Returning hate for hate multiplies hate, adding deeper darkness to a night already devoid of stars. Darkness cannot drive out darkness: only light can do that. Hate cannot drive out hate: only love can do that.” – Martin Luther King, Jr.
As reports that Osama Bin Laden had been killed trickled out to the world, I was horrified by the jubilant celebrations that appeared to be taking place on a number of streets throughout the United States. Scenes of elated people boisterously shouting “U.S.A, U.S.A!” made me shudder and I was not alone. As quickly as the news of the death had spread, so too had a quote that was wrongly attributed to Martin Luther King, Jr.
“I mourn the loss of thousands of precious lives, but I will not rejoice in the death of one, not even an enemy.”
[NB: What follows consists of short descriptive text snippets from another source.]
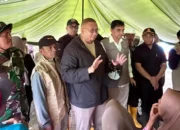 Andre Rosiade Bagikan Ribuan Sembako dan Genset untuk Korban Galodo Maninjau
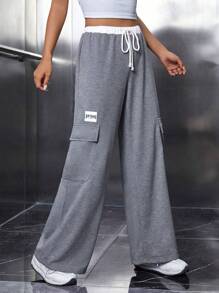 SHEIN PETITE 字母補丁細節側翻蓋口袋腰部抽繩衛褲 - 灰色 - 查看 1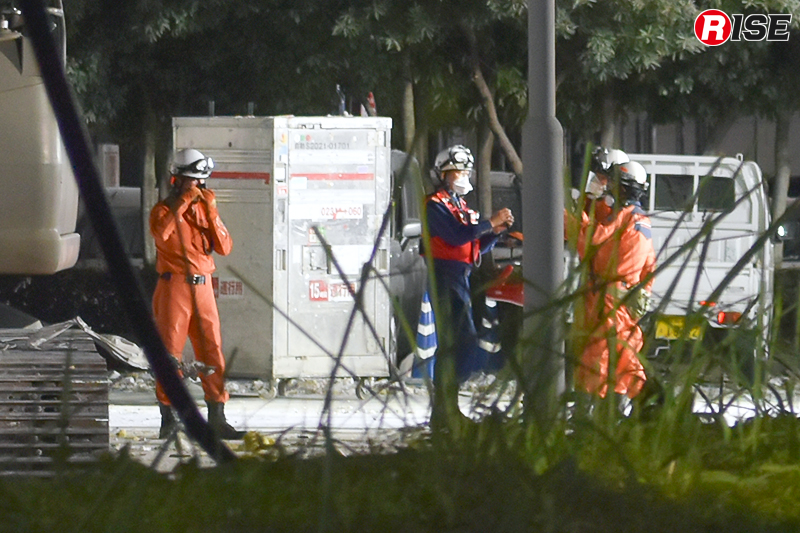 イオンモール熊本では、福岡県大隊と佐賀県大隊が8時間交代で活動。この時間帯は佐賀県大隊が現場対応にあたっていた。
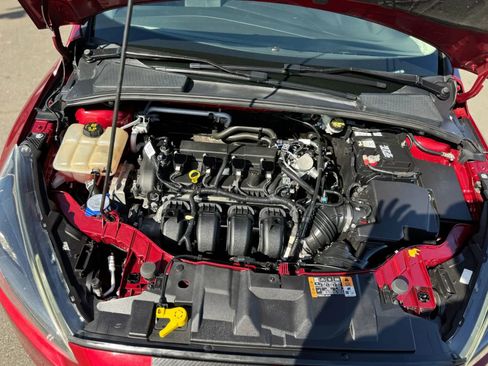 Used 2016 Ford Focus SE w/ Equipment Group 201A image 17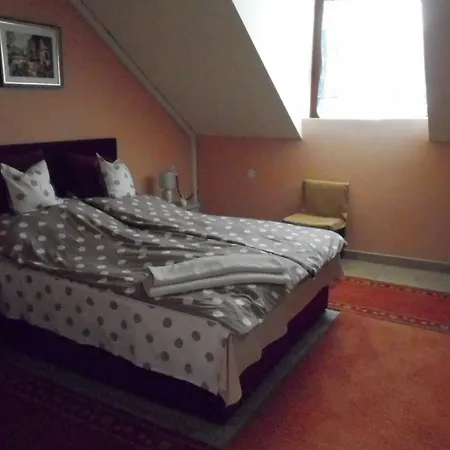 Torony Lovarda Maganszallas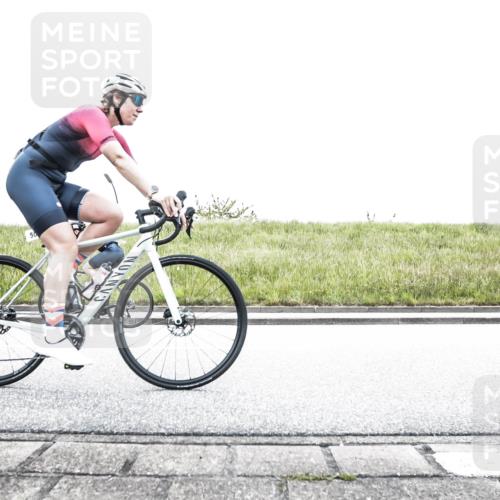 21.06.2026 - 29. Vierlanden-Triathlon H.Heesch http://msf.ph/oto/9849536 21.06.2026 10:28:43 Radfahren 367, 387, 390, 508, 511, 535, 583 meine-sportfotos.de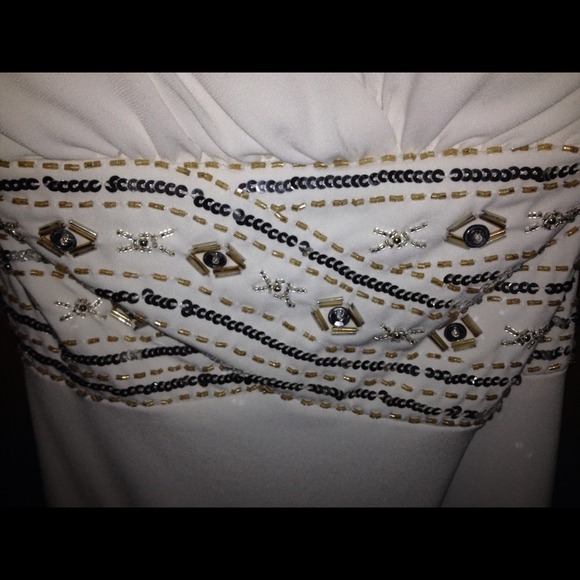 Size large/8 White cocktail dress - Picture 3 of 4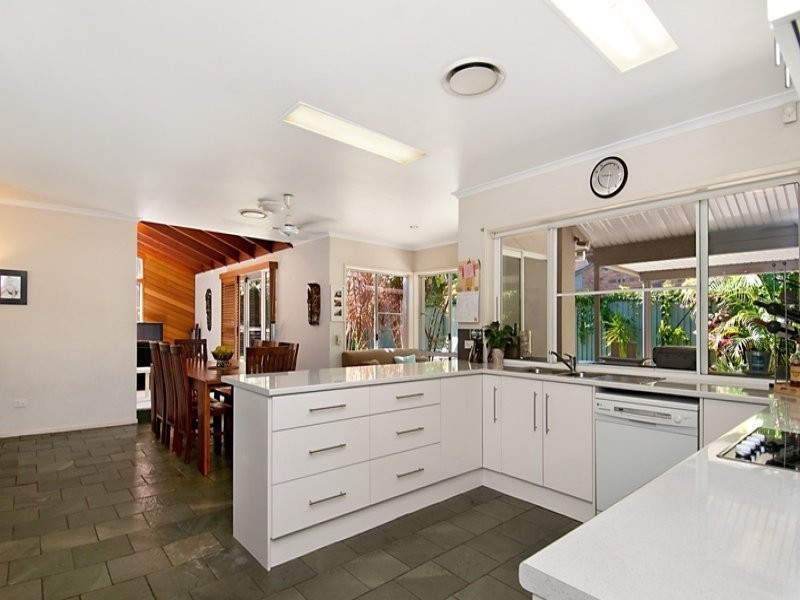 102 Karawatha Drive, Mountain Creek QLD 4557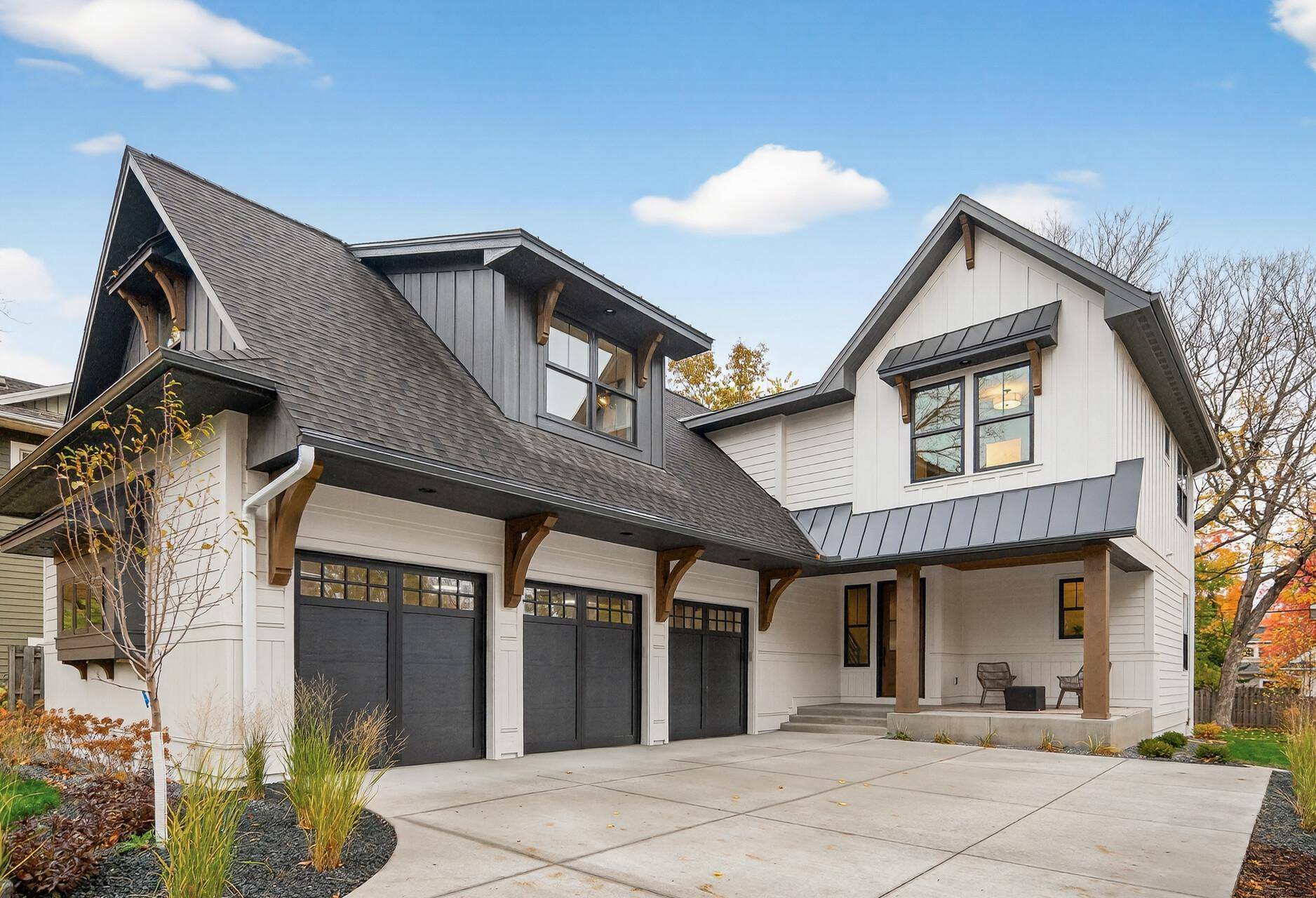 641 Park ST E, Wayzata, MN 55391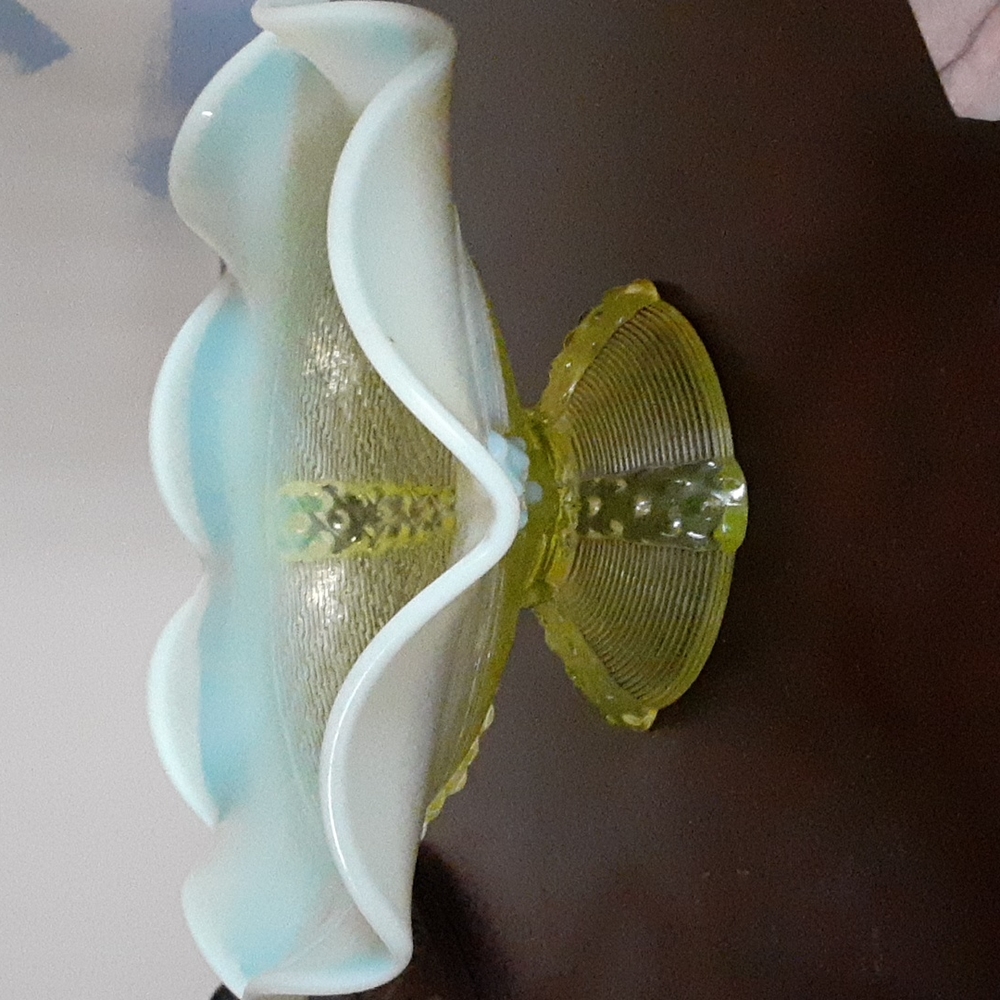 Stunning antique Northwood vaseline topaz opalescent glass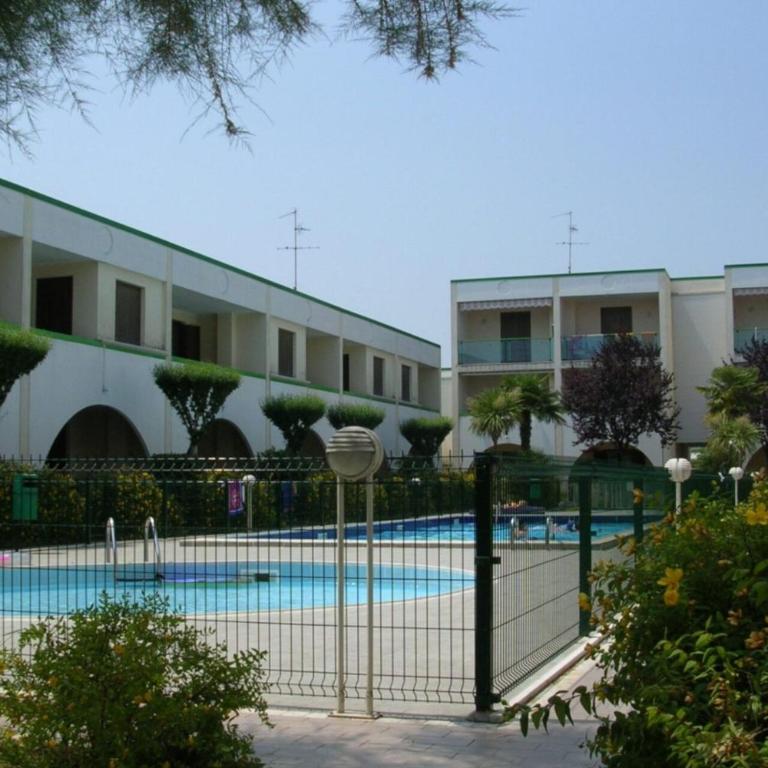 Cozy flat with pool access - Room #1713738401 - 13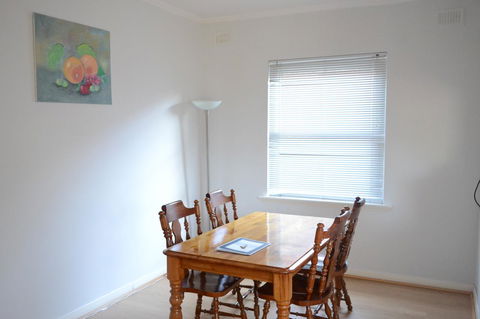 Prospect Holiday House - Accommodation Asia 3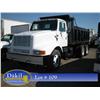Image 1 : 2000 INTERNATIONAL 2674 DUMP TRUCK, 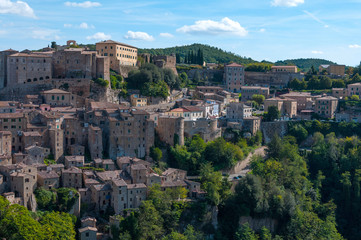 Fototapeta na wymiar Beautiful classic panoramic view of the ancient town of Sorano in autumn, province of Grosseto, southern Tuscany, Italy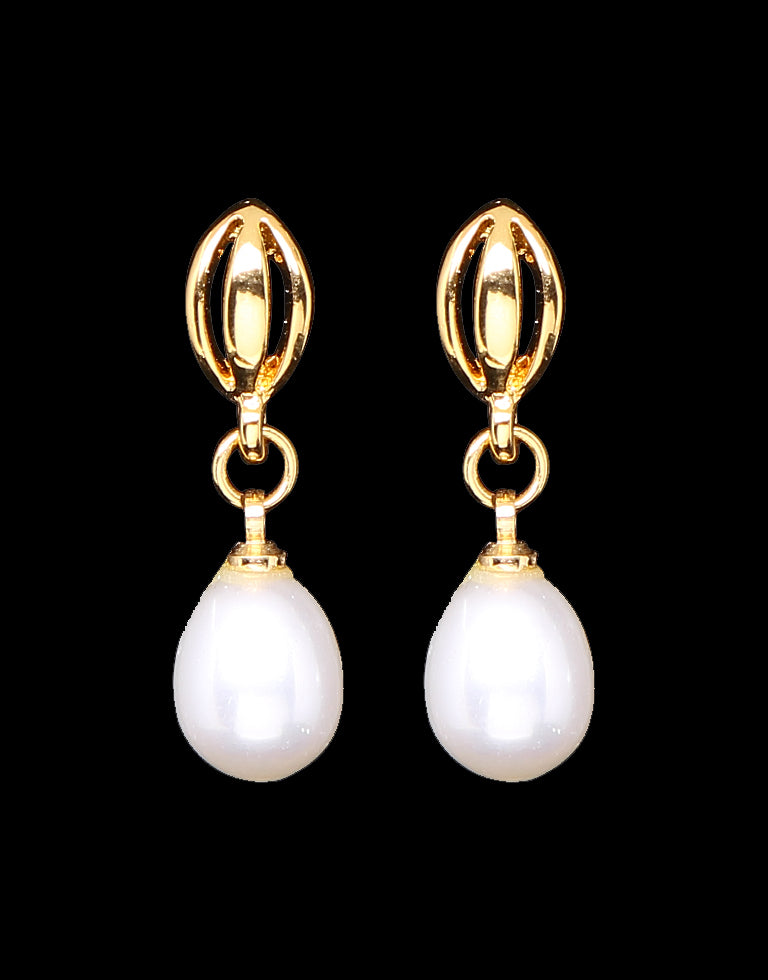 Beautiful Freshwater Pearl Fancy Stud Earrings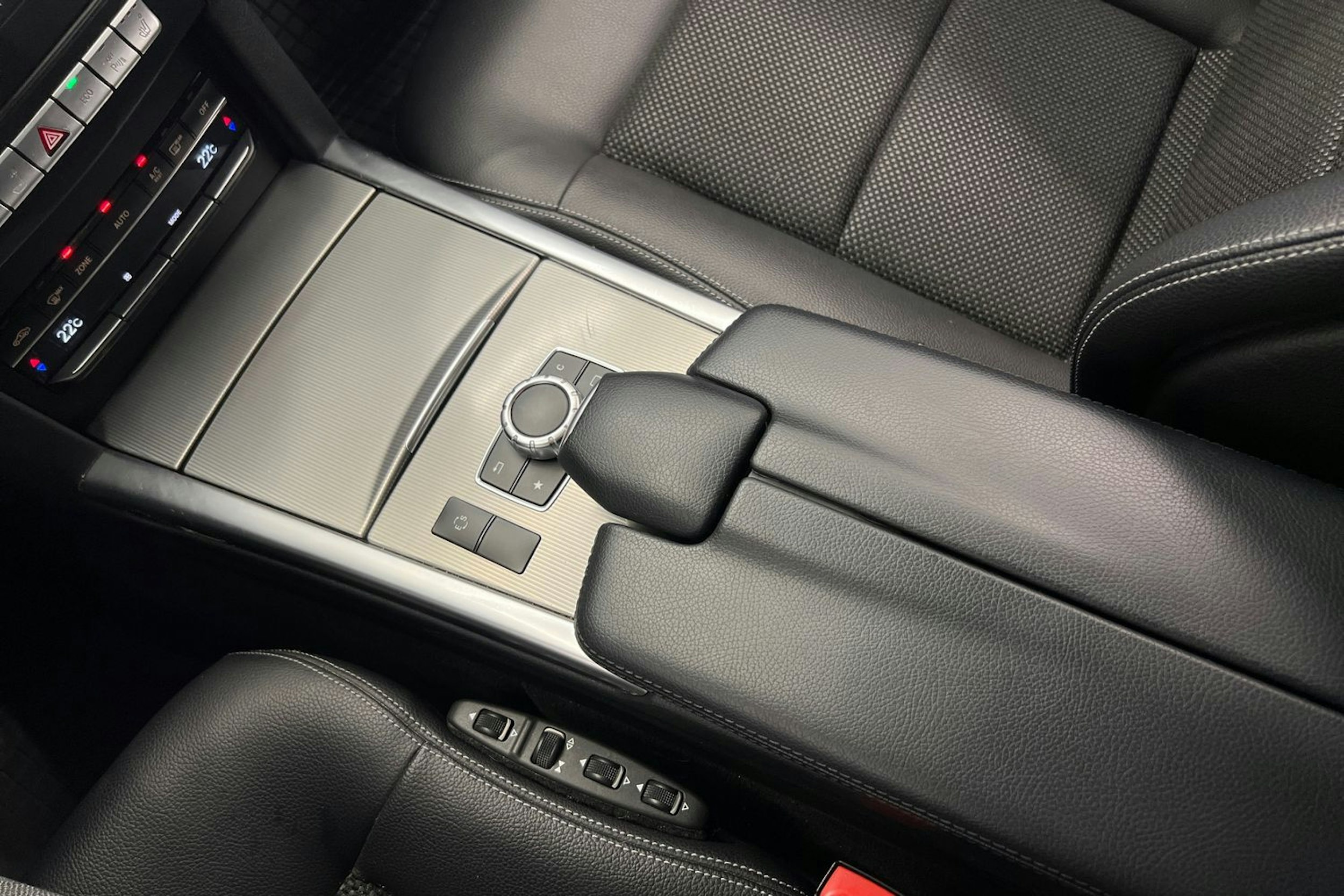 valkoinen Mercedes-Benz E 2015 kuva 28.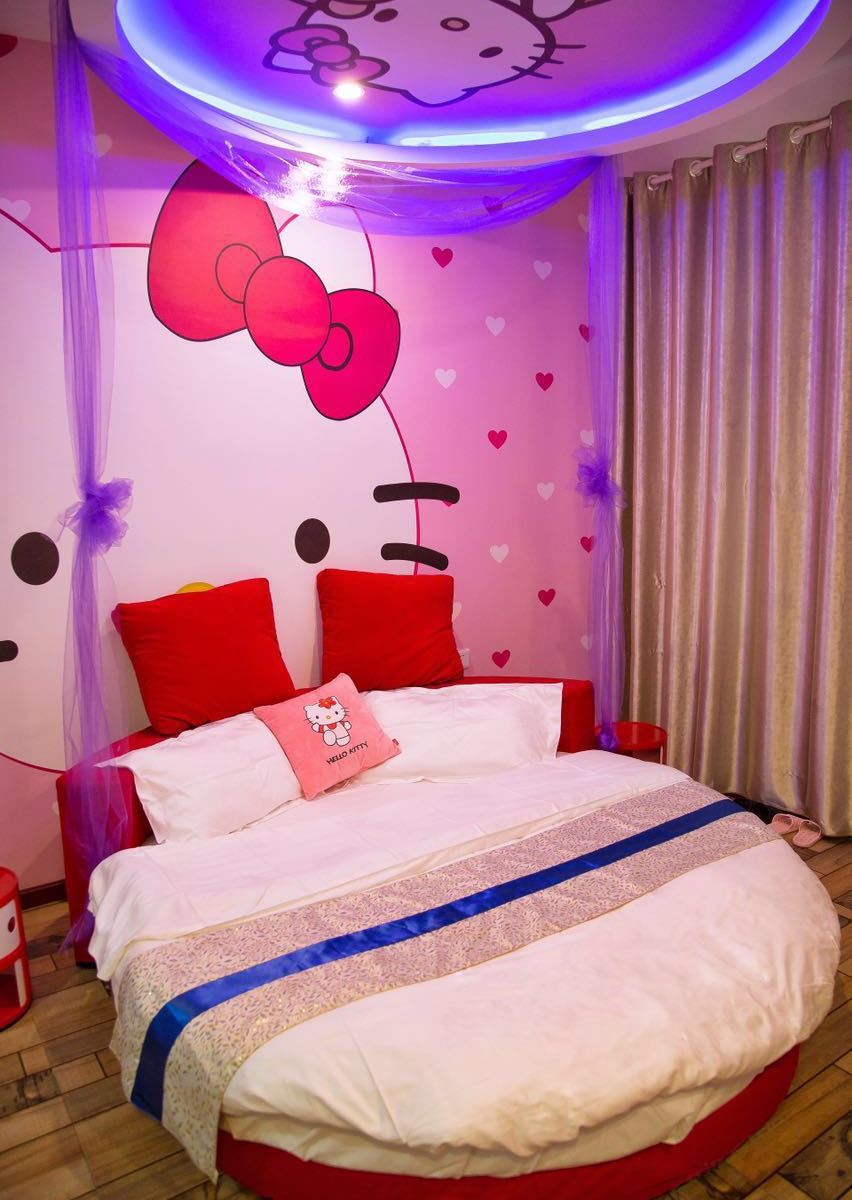 Hello kitty主题圆床房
It doesn’t matter who originally said it, the sentiment – in my view – is spot on.
Last night, as I logged on to Facebook to see the news of the death of Margaret Thatcher, I was disturbed to see far too many statuses proclaiming “DING DONG THE WITCH IS DEAD”, as well as links to a website that I found nothing short of tacky and childish.
That Thatcher was an uber-conservative politician with policies that were, at times, abhorrent is no secret. She didn’t earn the nickname “the Iron Lady” for being soft, fuzzy and progressive.
But the celebration of death, whether it be that of Thatcher, bin Laden, or anyone else is something that will never sit well with me.
As I find myself living in Timor-Leste, a nation that has been subjected to decades of torture and death at the hands of others, I find that I am surrounded not by hatred or the desire for revenge, but by compassion and forgiveness.
The former Prime Minister, President, and Nobel Peace Prize laureate, Jose Ramos-Horta has been steadfast in his calls for forgiveness and reconciliation with those who perpetrated heinous acts against the Timorese people.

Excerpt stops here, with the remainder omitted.